The Staircase review: This Netflix show explores courtroom drama through new and harrowing angles
Another week, another addictive binge worthy true crime show on Netflix – it seems the streaming giant has perfected the storytelling form it has made mainstream ever since Making a Murderer made headlines. The idea that being framed by the government on wrongful charges has become something of a true crime cliché but The Staircase explores this now well known sub-genre from new and harrowing angles.
We are sent back to 2001 in grainy barely digital images and introduced to a certain Michael Peterson, an unassuming but wealthy writer in the deep South explaining in detail about his whereabouts during a certain incident. The incident is immediately revealed over voice-over of a frantic phone call to the cops – Peterson’s second wife is found dead at the bottom of a staircase, gory splashes of blood plastered around the walls. The scene does not look like an accident – it resembles the aftermath of a visit by the Manson family, and the show chronicles the investigation into the supposed murder and Peterson’s ultimate trial. And just when you think this is going to be a run-of-the-mill exploration of criminal justice failing individuals, the show pulls the rug under your feet with a twist at the beginning of episode three that lays bare the significance of the title.

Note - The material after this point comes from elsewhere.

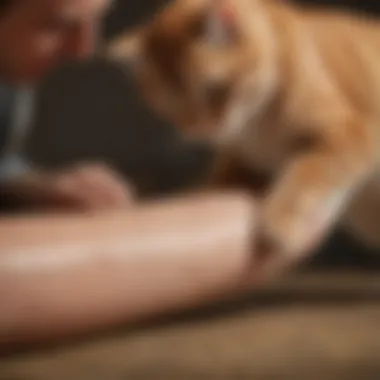 Veterinarian examining a cat's leg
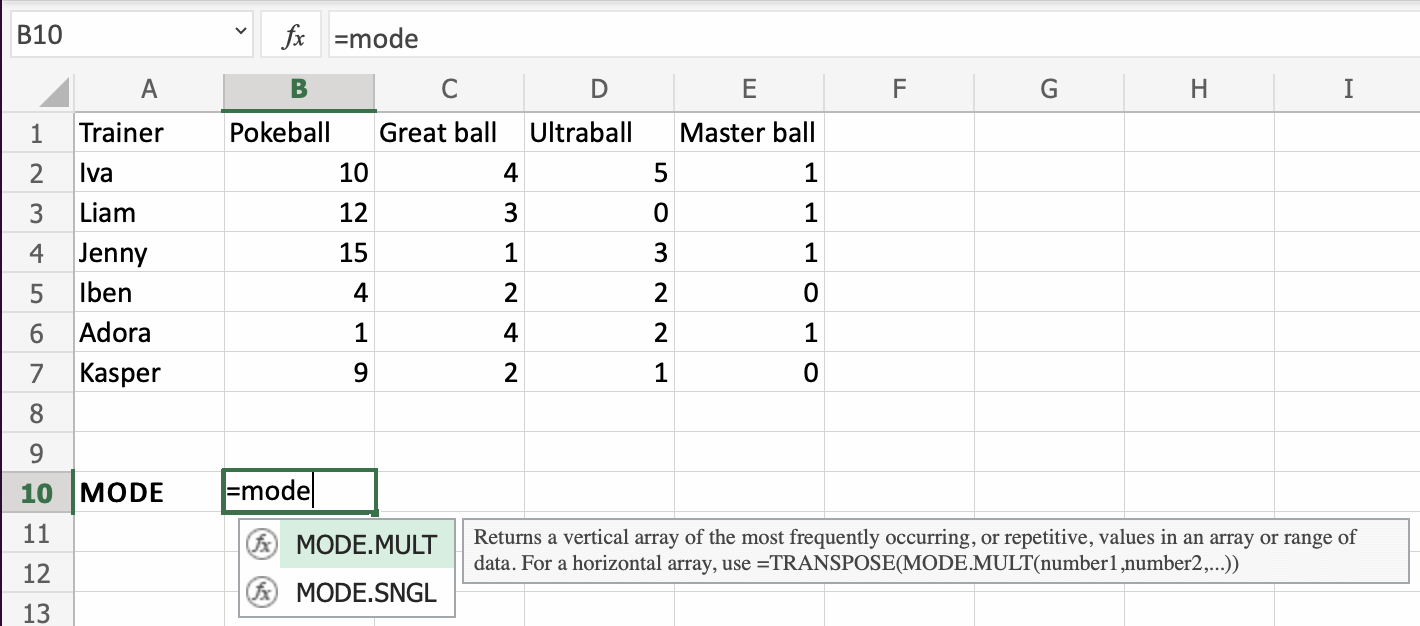 Excel MODE 函数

The unique element of The Staircase is that it was originally made as an eight-episode series back in the early 2000s where Peterson’s trial was filmed by director Jean-Xavier de Lestrade in real time. A lot has happened since then and the now 13-episode arc contains modern day footage which not only covers the aftermath of the trial but also gives a sense of the brutal passage of time and how it can affect every single person connected to the case. The footage itself is unprecedented as the cameras follow Michael’s family in their most private and vulnerable moments as well as within the walls of the court and even in Germany where the story unexpectedly turns to as the ghosts of the past begin haunting the Petersons. The unique approach of filming for almost 18 years gives Lestrade a chance to showcase the passage of time as we switch from grubby camcorder style low-fi visuals in the beginning of the show to modern day digital camera footage which is cold and distant, echoing Peterson’s own state of mind.

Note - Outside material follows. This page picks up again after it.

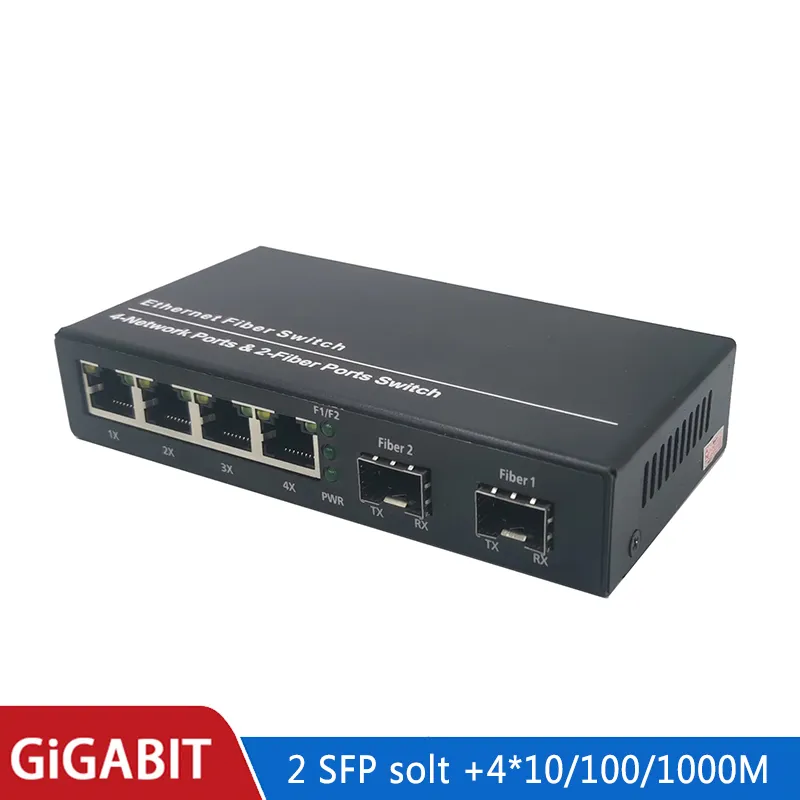 DHgate.com:4-Port Gigabit Ethernet Switch, Fiber Optic Media Converter ...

All the expected exciting elements are present – like the show painstakingly delving into in court proceedings of blood splatters analytics and forensic testimonies from individuals who seem clearly biased and bigoted because they dwell in a traditional Red State and cannot stomach values that are not conservative. The whodunit layer works as a backbone to the film but director Lestrade incorporates the nature of the humans connected to the case as the more significant and effective framing device. As a result of the character-driven approach, the pace of the show does not quite match the breathless delights of Wild Wild Country and Making a Murderer but the experience is more intimate as you see Peterson and his many children age through years, cornered from all directions and the typically shrieking media personalities having already branded him as a killer. It is unsettling as we travel down the rabbit hole that shows us doors that open up to the infirmity of the criminal justice system in the democratic capital of the world and the frailness of the people on both sides of the law.

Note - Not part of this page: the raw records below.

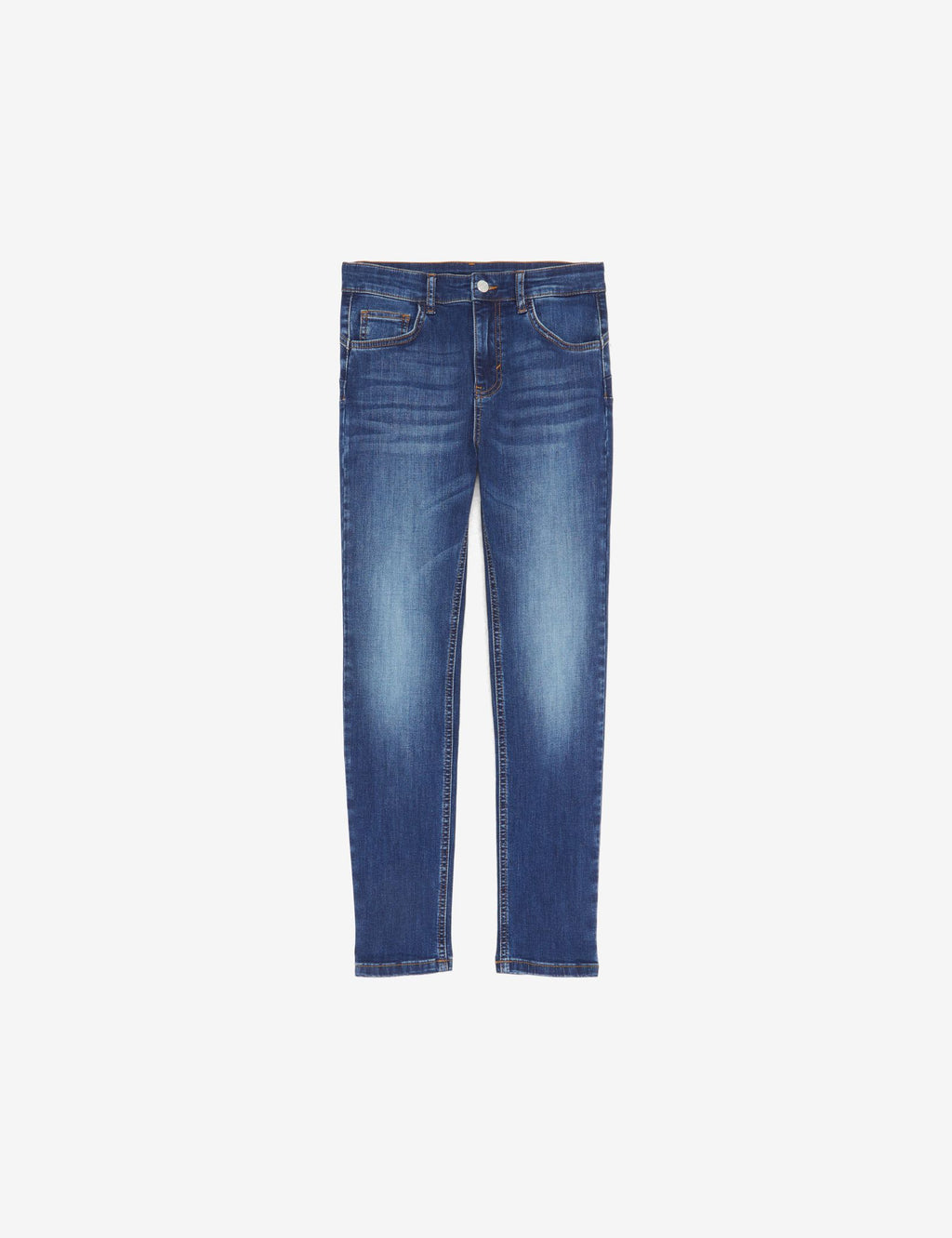 Jean slim taille haute bleu délavé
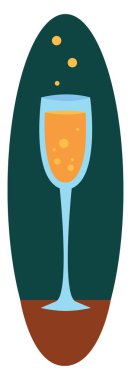 Koyu mavi-yeşil tutulması vektör illüstrasyon o şampanya cam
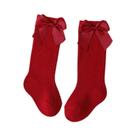 Meias De Algodão Para Meninas Até O Joelho Com Laço Grande Para Crianças, Meias De Inverno E Outono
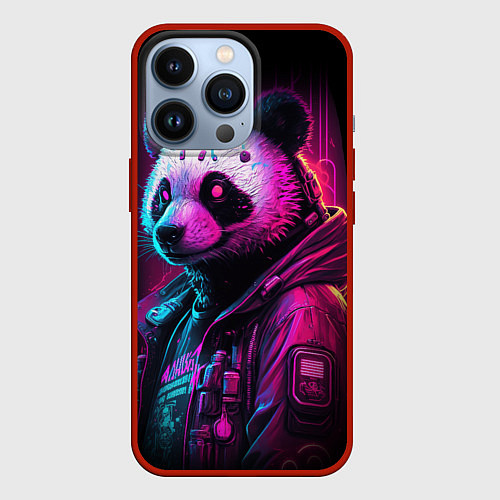 Чехол iPhone 13 Pro Panda cyberpunk / 3D-Красный – фото 1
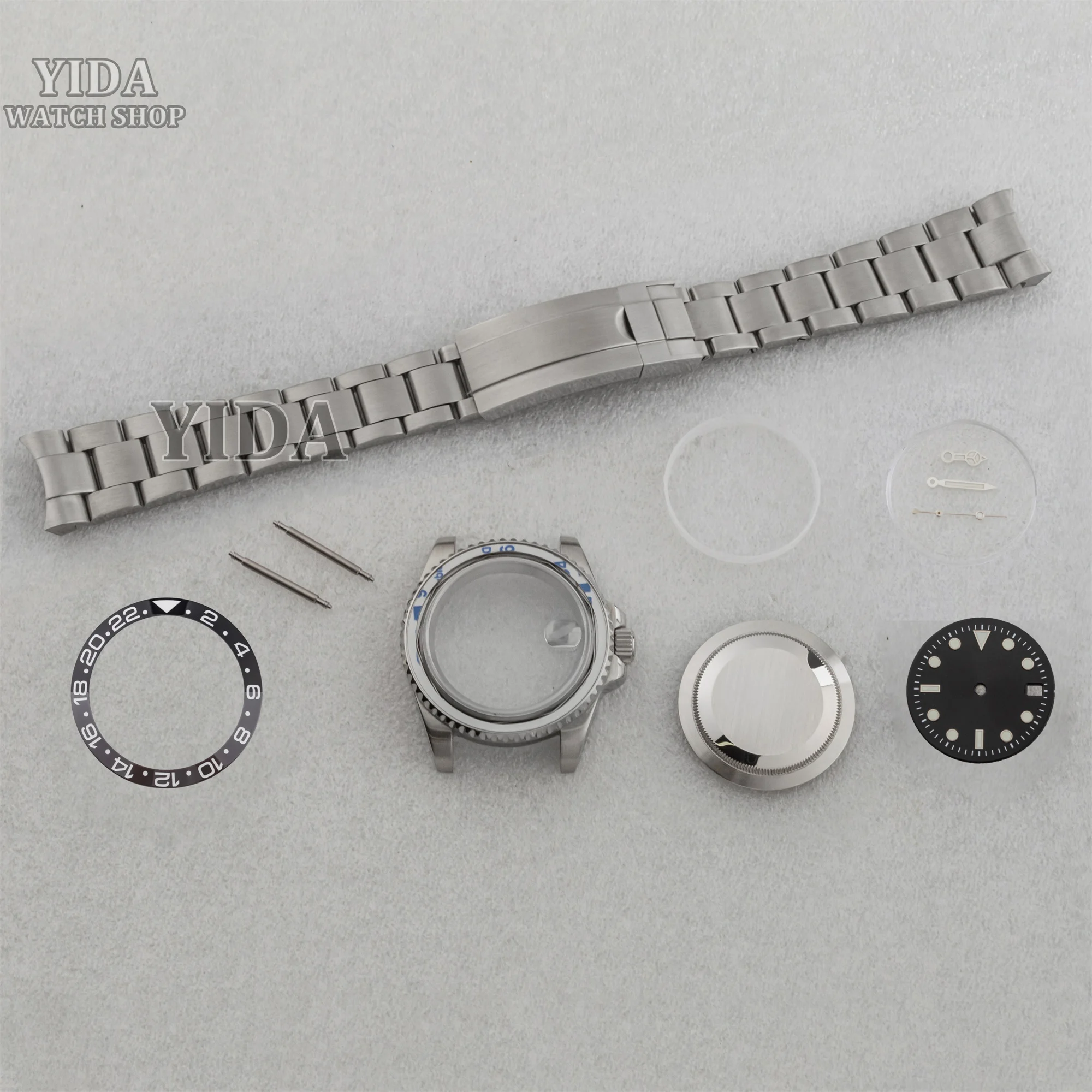 

SUB GMT NH35 Case 100m Waterproof Parts Sapphire Glass Strap Dial Pointers Ceramic Bezel for NH36Mechanical Movement Accessories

By the end of the show, you are left with a variety of wracking emotions from rage, despair and even fatigue over the sheer length of the case, and the volume of information presented to us; it makes you wonder what a person under trial for nearly two decades can go through and what he would give to finally step away from the spotlight. It all culminates into a final episode that works as a melancholic lament than a triumphant victory that you expect it to be. As cinemagoers, we are used to seeing truth and justice triumph, and this little show gives you a glimpse into how both elements could fail you when you are least expecting it.
The Staircase is now streaming on Netflix India.